Co pani studiuje i dlaczego akurat ten kierunek?

Mam na imię Paulina. Studiuję na 2 roku bezpieczeństwa wewnętrznego zaocznie oraz na 3 roku prawa dziennie. Interesują mnie służby mundurowe oraz różne dziedziny prawa. 

Paulina

 

Kierunek prawo to mój komik, lubię wczytać się w przepisy prawa i je interpretować, dobrze jest wiedzieć jakie się ma prawa, co nam przysługuje lub czego nie możemy. Kolejnym moim zainteresowaniem jest czytanie książek kryminalistycznych, pełnych emocji trzymających czytelnika w napięciu do samego końca. Posiadających wiele zagadek i sytuacji, które na pierwszy rzut oka są nie do rozwiązania.

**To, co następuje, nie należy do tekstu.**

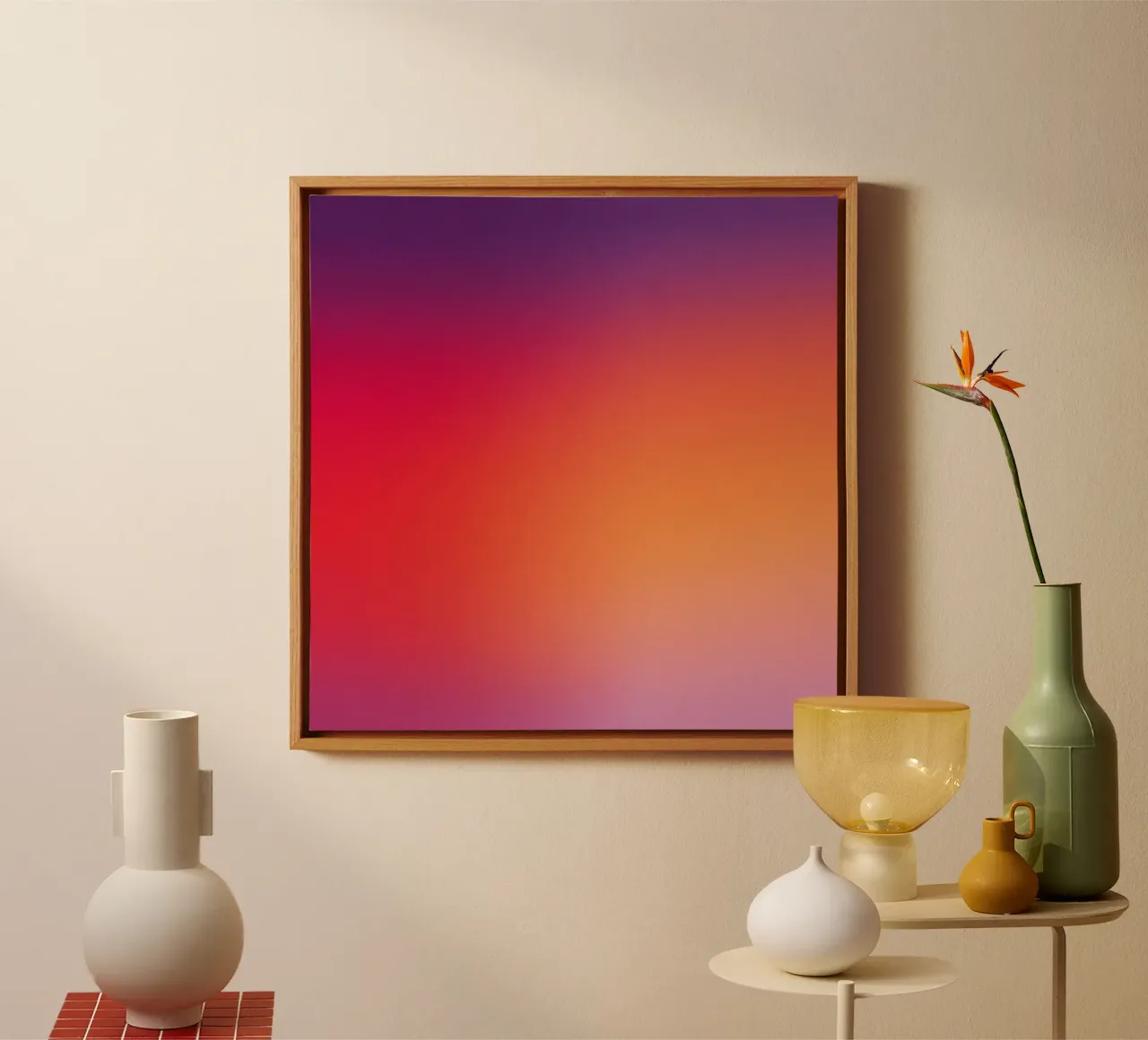 Verloop zonsondergang Minimal Abstract Moderne Compositie canvas van Modern Muse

Co pani sądzi o kształceniu na tym kierunku na naszej uczelni?

Prawo to kierunek bardzo ciekawe, przydający się w życiu jednak również trudny, pełen poświęceń i wyrzeczeń. Czasem aby przyswoić materiał z jakiegoś przedmiotu trzeba zrezygnować nawet z obejrzenia swojego ulubionego serialu. Długo zastanawiałam się nad wyborem uczelni posiadającej ten kierunek. Ostatecznie wypadło na Wyższą Szkołę Ekonomii, Prawa i Nauk Medycznych. Z perspektywy czasu mogę z czystym sumieniem powiedzieć, że był to trafny wybór. Uczelnia to nie tylko budynek z salami wykładowymi, ale również miła atmosfera, super ludzie a także wspaniali wykładowcy. Jest to kadra, która nie tylko przekazuje teorię ale też praktykę, ponieważ większość wykładowców pracuje na co dzień w swoich zawodach takich jak np.: radca prawny, adwokat czy nawet urzędnik. Dzięki temu mogą oni przybliżyć studentom jak to wszystko wygląda z praktycznej i codziennej strony.

Czy poziom na uczelni jest wysoki i ciężko zdać egzaminy?

Najważniejszy czas podczas studiów dla studenta to oczywiście sesja. Sesja, która spędza sen z powiek. Na długo zostanie ona w mojej pamięci i wspomnieniach. Jednak jeśli ktoś jest czymś zainteresowany i ma się tak dobrych wykładowców, którzy pod każdym względem pomagają przyswoić materiał oraz bezproblemowo i bezstresowo przebrnąć przez egzaminy w trakcie sesji to nie ma niczego co jest niewykonalne albo trudne.

Zachęcam do wstępowania w mury naszej uczelni. Jestem z całą pewnością przekonana, że nikt się nie zawiedzie i nie będzie żałował swojej decyzji.